長良川河口堰


なんて無粋な建造物!!


 平成7年(1995)7月6日から本格運用を開始した長良川の河口堰。あれから5年、報道によると、やは り漁業は壊滅的な打撃を受けているようです。ちなみに、水資源開発公団中部支社発表のサツキマス遡上状況(38km地点の漁獲量)は以下の通りで、明らかに減少しています。
 ●平成6年895尾●平成7年385尾●平成8年950尾●平成9年863尾●平成10年655尾●平成11年278尾

 なお、河口堰推進派が絶賛する「魚道」はこれ。


左岸呼び水魚道と、右岸ロック式魚道(閘門兼用)




 このあたりは、確かに昔から水害に悩まされてきたんですが、あの清流をボートで下った身としては、やっぱり納得のいかない河口堰なのでした。


治水神社
宝暦5年の治水工事(薩摩藩が請負った油島千本松原締切り工事)で犠牲となった薩摩義士を祀る神社。昭和13年築造。
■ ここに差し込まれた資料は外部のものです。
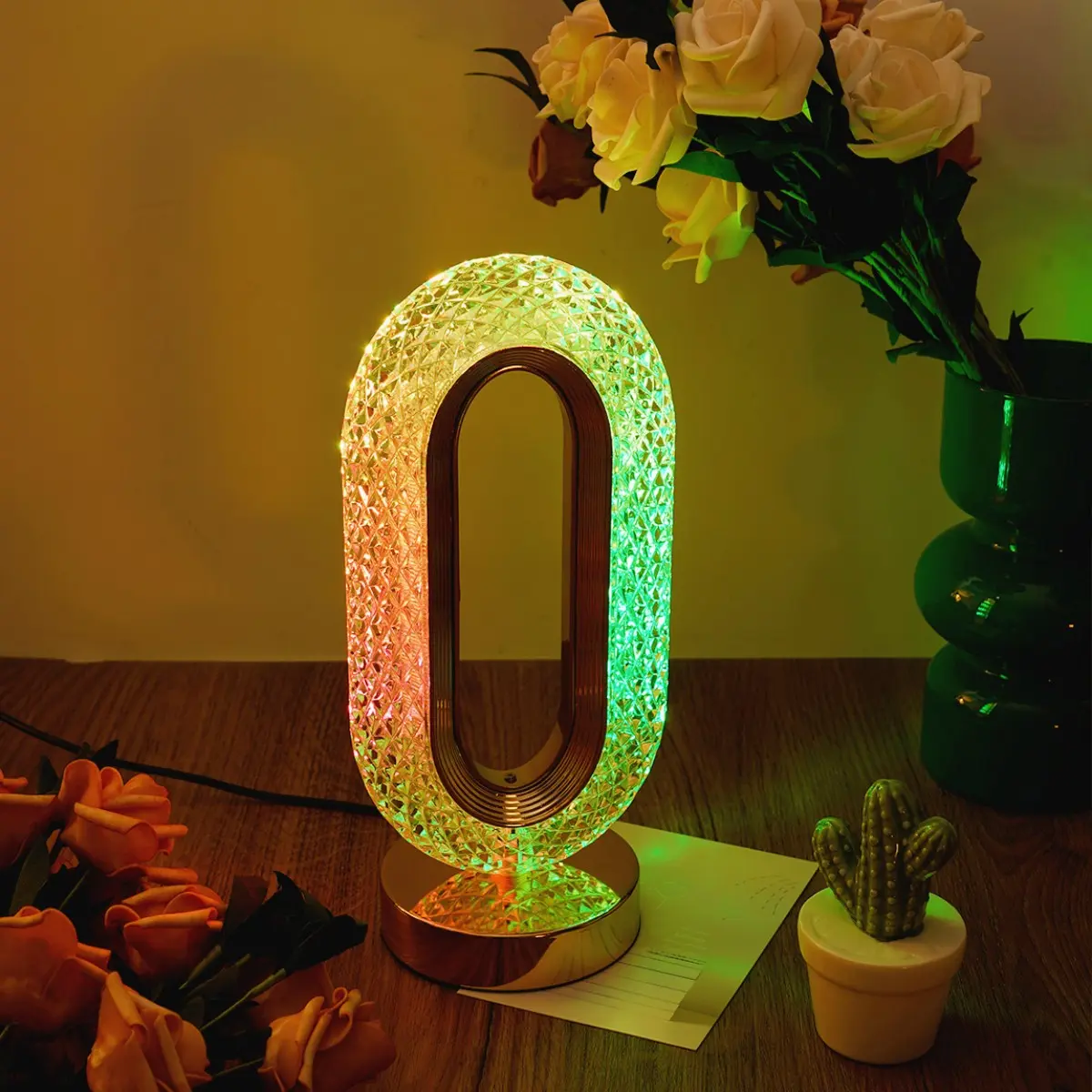 Modern Creative Crystal Led Night Light with RGB Mode, Dimmable Lighting Control, Tabletop Decor for Bedroom Living Room Desk Home Decoration, Led Nightlight, Mirror Lamp, Modern Nightstand Lamps, Nightstand Led Lights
 参考までに、河口堰パンフ「川・人・いのち」(水資源開発公団長良川河口ぜき管理所発行)掲載の「水害のない環境づくり」という文章は以下の通り。

昔から木曽川三川(木曽川・長良川・揖斐川)は分流工事や堤防強化、さらにダム建設などの治水工事がなされてきました。しかし長良川は、ダムを造る場所が少ないことから一旦大雨が降ると大洪水となって周辺の人々に水害を与えてきました。このため長良川の川底を掘り下げ、大洪水が来ても水を低く流し、水害が起きにくくすることにしました。一方、長良川の川底を掘り下げると、洪水は安全に流せるかわりに塩水が今までよりも上流にさかのぼってきます。そして、長良川から取っている水に塩分が混じったり、周辺の田畑にも塩分が入り、稲や野菜に悪い影響をあたえることになります。長良川河口ぜきは、このような悪い影響が出ないよう、ふだんはゲートを降ろし塩水のさかのぼりを止め、洪水のときには堤防より上にゲートを上げて洪水を安全に流します。